CityDreamer: Compositional Generative Model of Unbounded 3D Cities

2309.00610

YC

92

Reddit

0

Published 6/7/2024 by Haozhe Xie, Zhaoxi Chen, Fangzhou Hong, Ziwei Liu

📈

Abstract

3D city generation is a desirable yet challenging task, since humans are more sensitive to structural distortions in urban environments. Additionally, generating 3D cities is more complex than 3D natural scenes since buildings, as objects of the same class, exhibit a wider range of appearances compared to the relatively consistent appearance of objects like trees in natural scenes. To address these challenges, we propose textbf{CityDreamer}, a compositional generative model designed specifically for unbounded 3D cities. Our key insight is that 3D city generation should be a composition of different types of neural fields: 1) various building instances, and 2) background stuff, such as roads and green lands. Specifically, we adopt the bird's eye view scene representation and employ a volumetric render for both instance-oriented and stuff-oriented neural fields.
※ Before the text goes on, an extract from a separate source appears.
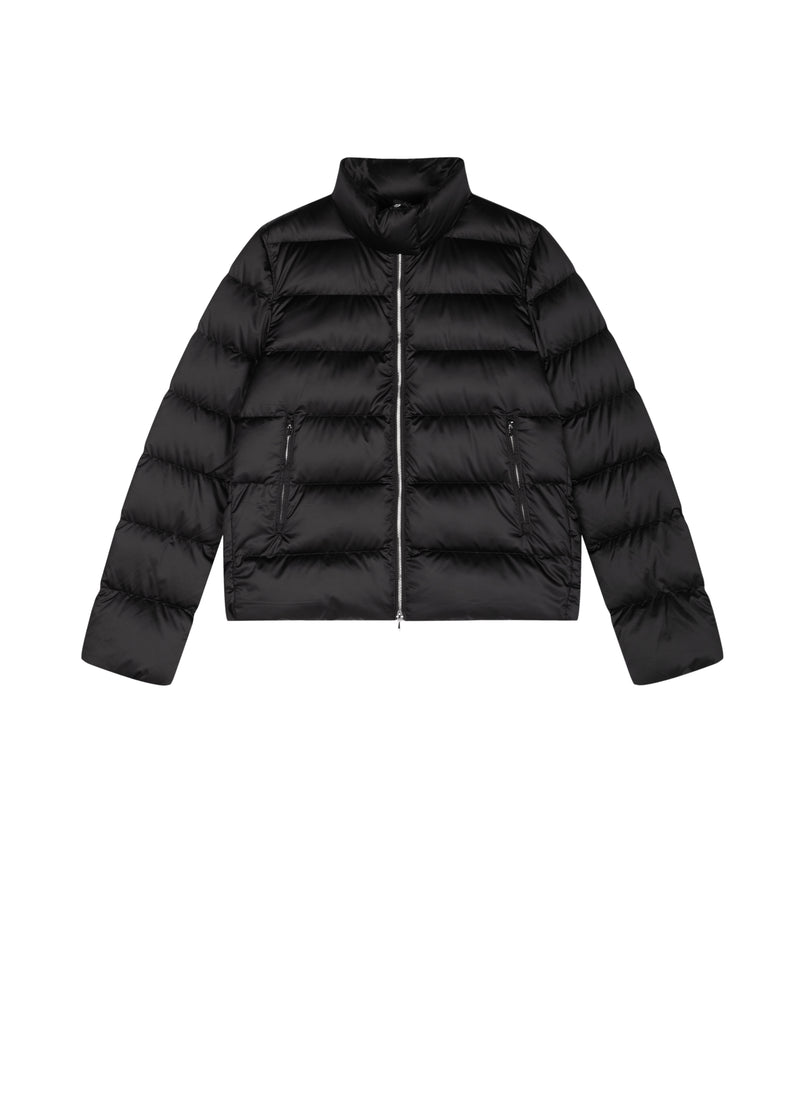Jacket / JNBY Short Down Puffer with Stand Collar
The generative hash grid and periodic positional embedding are tailored as scene parameterization to suit the distinct characteristics of building instances and background stuff. Furthermore, we contribute a suite of CityGen Datasets, including OSM and GoogleEarth, which comprises a vast amount of real-world city imagery to enhance the realism of the generated 3D cities both in their layouts and appearances. CityDreamer achieves state-of-the-art performance not only in generating realistic 3D cities but also in localized editing within the generated cities.

Get summaries of the top AI research delivered straight to your inbox:

Overview

  • 3D city generation is a challenging task due to human sensitivity to structural distortions in urban environments and the wider range of building appearances compared to natural scenes.
  • To address these challenges, the researchers propose CityDreamer, a compositional generative model designed specifically for 3D city generation.
  • The key insight is that 3D city generation should be a composition of different types of neural fields: building instances and background stuff like roads and green spaces.

Plain English Explanation

The researchers developed a system called CityDreamer to generate realistic 3D cities. Generating 3D cities is more complex than generating natural 3D scenes because buildings can have a wide variety of appearances, while objects in nature tend to look more similar.
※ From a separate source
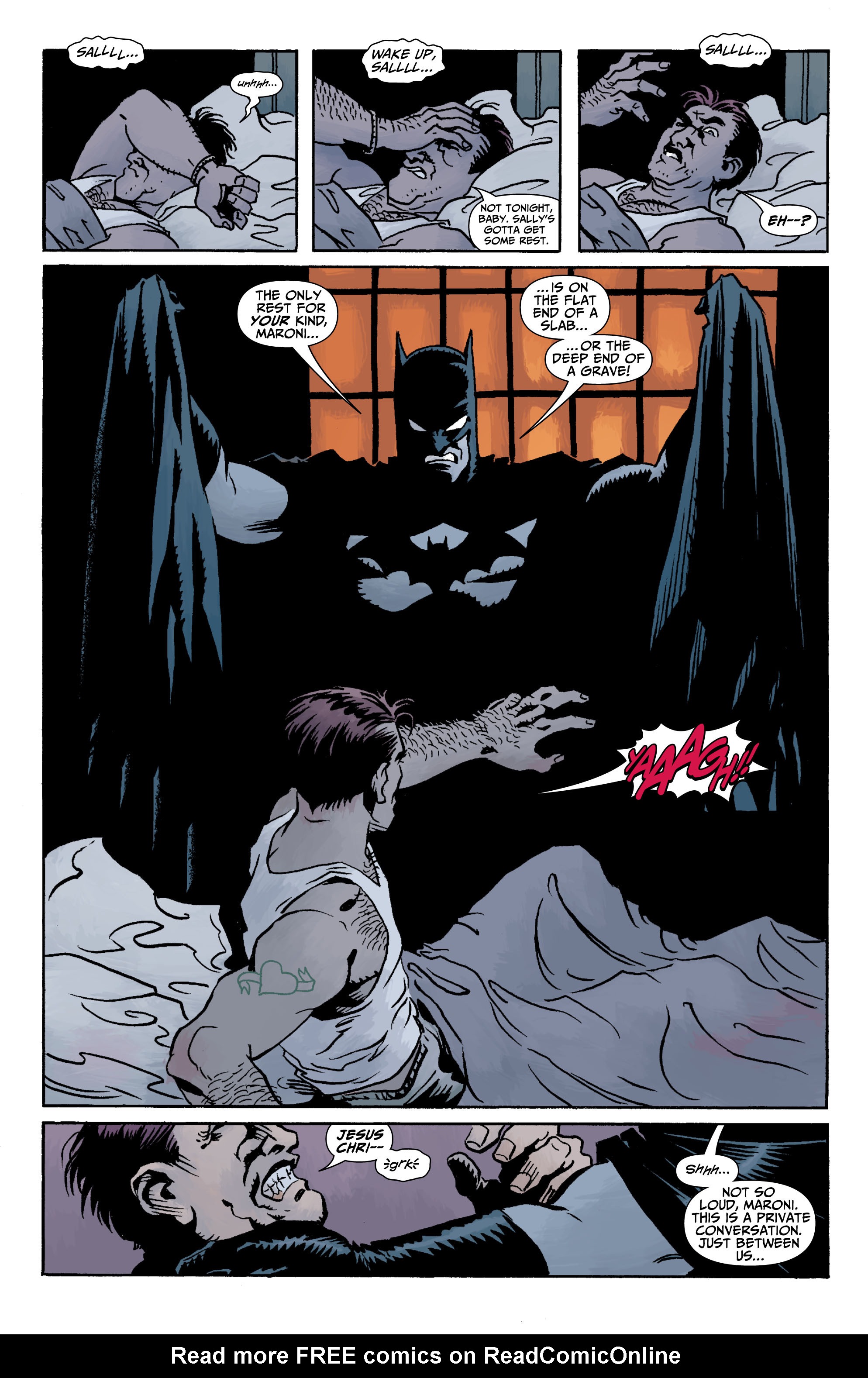 Read online Batman: The Monster Men comic -  Issue #3 - 8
The researchers' approach involves breaking down the 3D city into two main components: the individual buildings and the background elements like roads and parks. They use specialized techniques to model each of these components, which allows the system to create more believable and diverse 3D cities.

The researchers also created a large dataset of real-world city imagery, called the CityGen Datasets, to help the system generate cities that look and feel more realistic.

Technical Explanation

The researchers propose CityDreamer, a compositional generative model for 3D city generation. The key insight is that 3D city generation should be a composition of different types of neural fields: 1) building instances and 2) background stuff, such as roads and green lands.
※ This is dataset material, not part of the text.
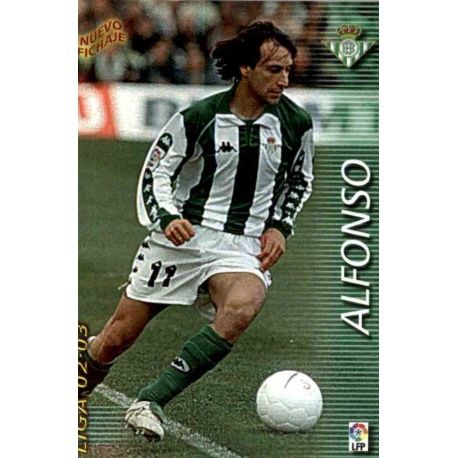 Alfonso Nuevo Fichaje Betis 397 Megacracks 2002-03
Specifically, the system uses a bird's eye view scene representation and employs a volumetric rendering approach for both the instance-oriented and stuff-oriented neural fields. The researchers tailor the generative hash grid and periodic positional embedding techniques to suit the distinct characteristics of building instances and background stuff.

Additionally, the researchers contribute the CityGen Datasets, which includes a vast amount of real-world city imagery from sources like OpenStreetMap and Google Earth. This dataset helps the system generate 3D cities that are more realistic in terms of both layout and appearance.

Critical Analysis

The researchers acknowledge that generating realistic 3D cities is a challenging task, as humans are highly sensitive to structural distortions in urban environments. They also note that 3D city generation is more complex than 3D natural scene generation due to the wider range of building appearances.

While the CityDreamer model and the CityGen Datasets represent significant advancements in the field, the researchers do not discuss potential limitations or areas for further research in detail. For example, it would be interesting to explore how the system might handle the generation of cities with unique architectural styles or cultural influences.

Additionally, the researchers could have compared their approach to other recent developments in 3D city generation, such as RealMDreamer, DreamScene, or StyleCity, to provide a more comprehensive understanding of the state of the art in this field.

Conclusion

The researchers have developed CityDreamer, a compositional generative model that addresses the challenges of 3D city generation. By breaking down the task into building instances and background stuff, the system is able to generate more realistic and diverse 3D cities.

The contribution of the CityGen Datasets, which includes a vast amount of real-world city imagery, is also a valuable addition that can help advance the field of 3D city generation. While the researchers have made significant progress, there are still opportunities for further exploration and improvement, such as addressing the generation of cities with unique architectural styles or cultural influences.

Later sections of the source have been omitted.